I hope that the Central Bank has insisted on appropriate compensation, but I am not sure how it would be calculated. 

I really do need people to talk about their cases to the media when the results are announced. If you guys go on air about the damage done to your family through this overcharging, you will increase your chances of getting treated fairly.

Brendan


----------



## Descart (26 Jul 2015)

AAM user,

Yes, you are of course entitled to compensation as well as a refund for breach of contract etc. In this Country financial institutions give you a refund based on their calculations. In relation to refunds, these calculations are often incorrect and do not take into account interest accrual etc. There are many types of damages that can claimed for a breach of contract.


----------



## L John (26 Jul 2015)

There are 3 separate strands to this issue.

_ First strand removed as it's discussed in detail in other threads - Brendan _


The second strand is the refund of interest overcharged. It's important you do not accept permanent tsb adjusting the interest rate so that you are charged the fixed rate for the balance of the term as if you hadn't broken out. The reason for this is the wording of the contract.  It states it will revert to the tracker at the end of the fixed term, not a specified time frame. Permanent tsb agreed to the ending of the fixed term at a specific time so that is the de facto cessation of the fixed term and the tracker should be implemented from that time.

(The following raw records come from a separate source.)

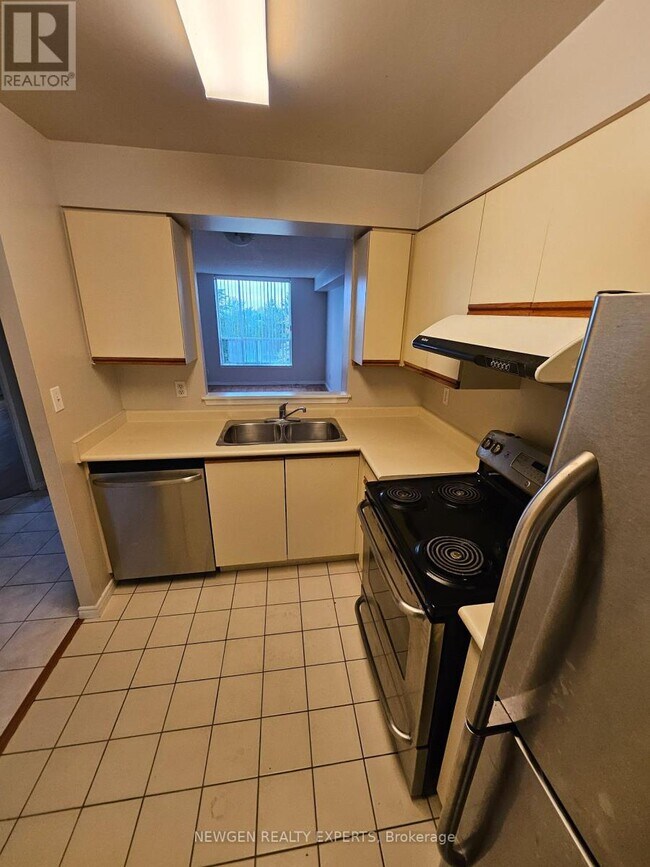 Photo - 480 McLevin Ave Unit 303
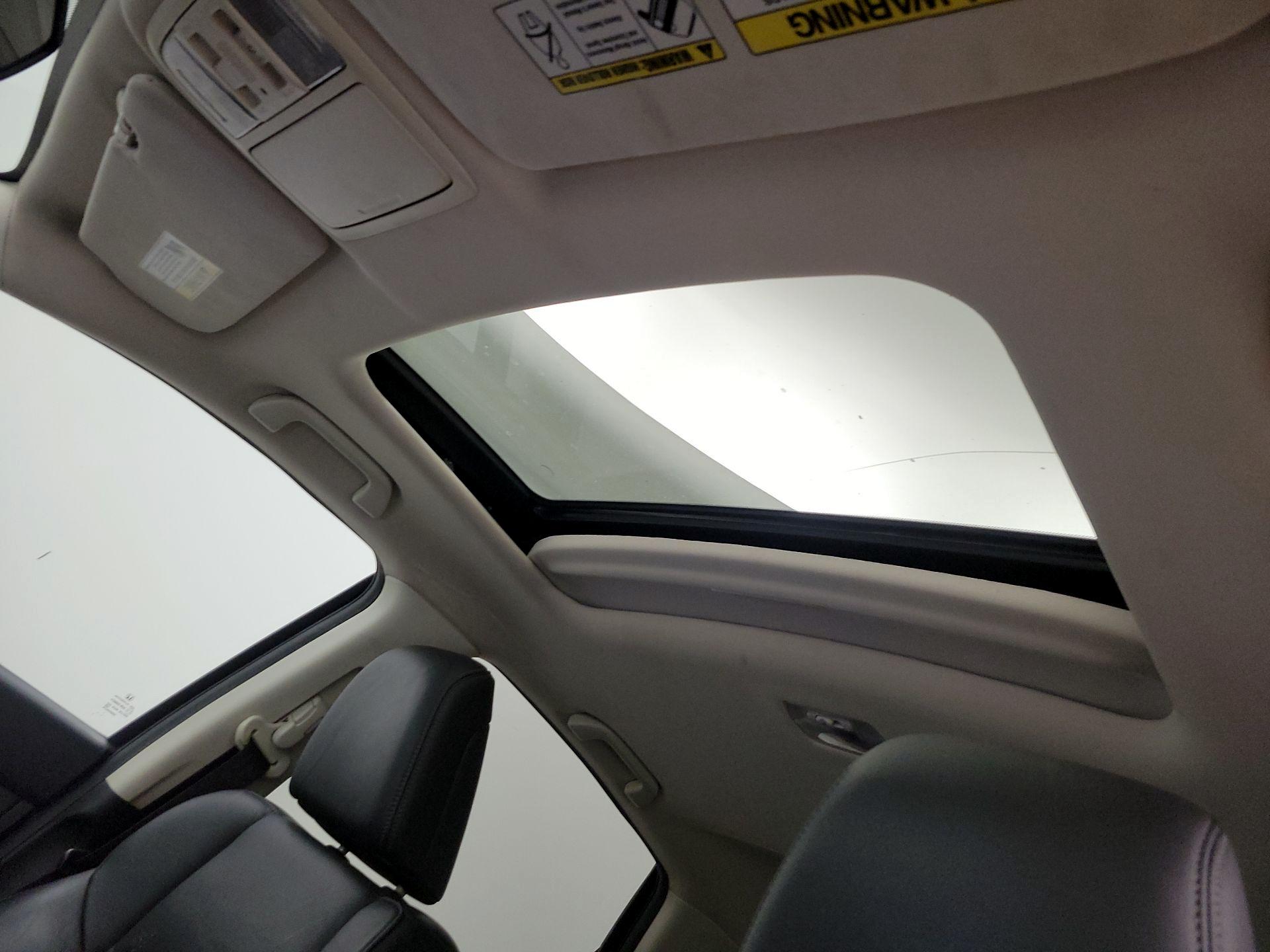 Thumbnail: 2015 Honda CR-V - 20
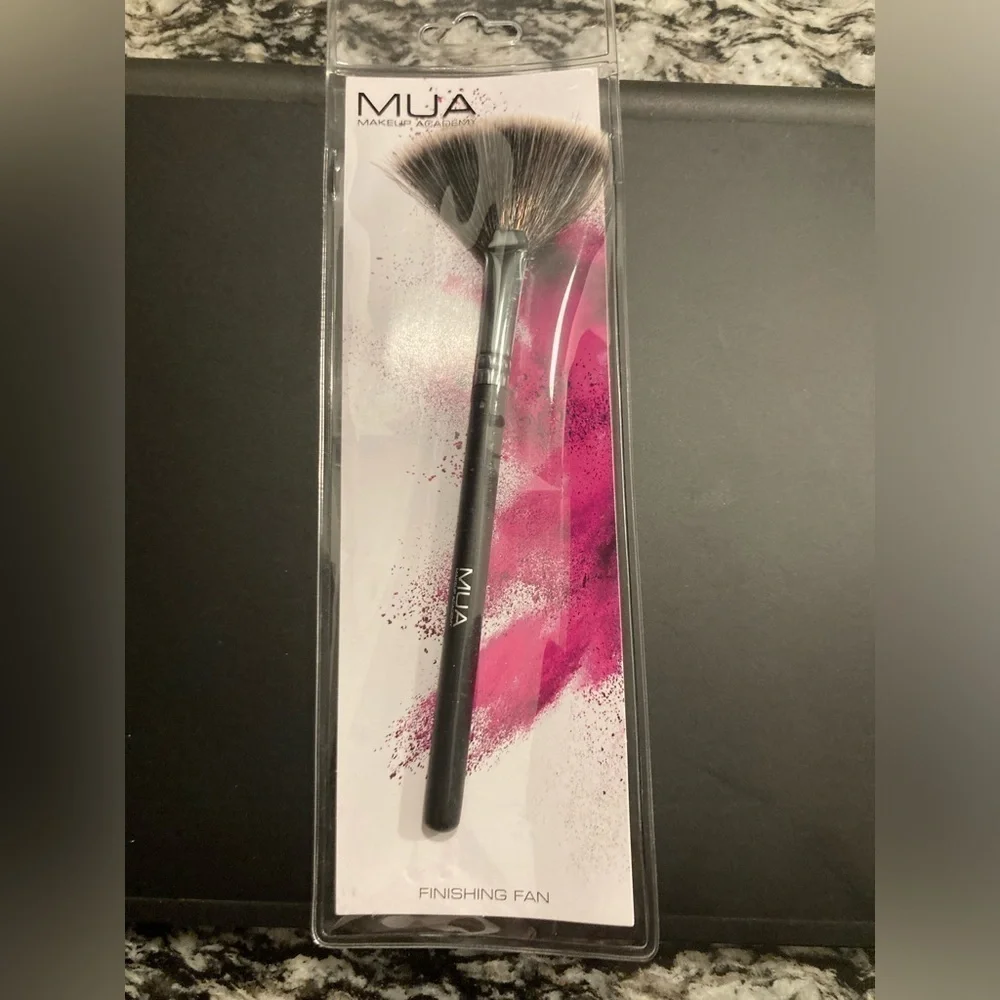 MUA makeup academy finishing fan makeup brush. New In package. 17 available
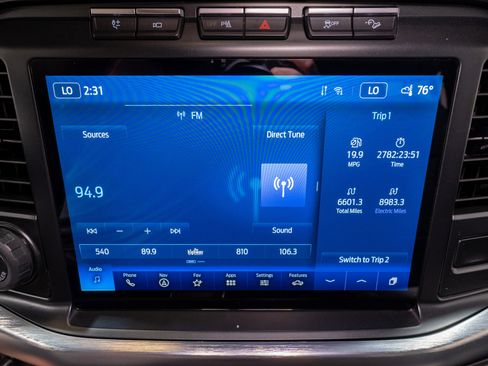 Used 2022 Ford F150 Lariat AWD/4WD image 23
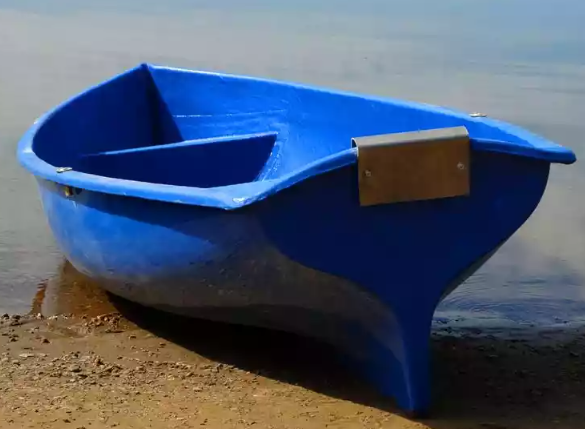 Стеклопластиковая лодка Омуль в Анапе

The third is the payment of compensation,  a separate issue, not to be confused with the refund of the overpayment. Seperate to the issue of ptsb breaching the consumer protection code which comes under the central banks remit, legally ptsb broke contract and this breach of contract has caused financial hardship to many of its clients. A cool legal head needs to look at this issue and take a group action on behalf of clients to ensure appropriate compensation is paid by ptsb.


----------



## matan (26 Jul 2015)

I totally agree but i think until we receive these letters with "an offer" we wont be able to do anything, just wish they would send them out asap, im lucky in that our mortgage has reduced but i feel for the people whose mortgage hasnt been reduced yet or reduced to an unsatisfactory rate.


----------



## Gerry Canning (27 Jul 2015)

Suggest .
1.Get whatever (offer) into your account first.
2. There will probably be a small (compensation) amount.
3. Take your time to re-check Banks figures.
4. If it seems reasonable , sign for it.

We can talk about (stress) (hardship) etc , but these are hard to prove in a monetary fashion.
The only reason you are getting anything is, that by constant pressure PTSB was forced to act in an honest manner.

Banks have always got  away with things like, extra interest charged, funnies on Non Resident accounts, PPI, selling inappropriate policies etc ,etc , etc.
Our Government/Central Bank , FSO have permitted these things and (once the heat dies down)will permit similars in the future.
Banking  has never been trustworthy.

Sorry if my post is (defeatist)


----------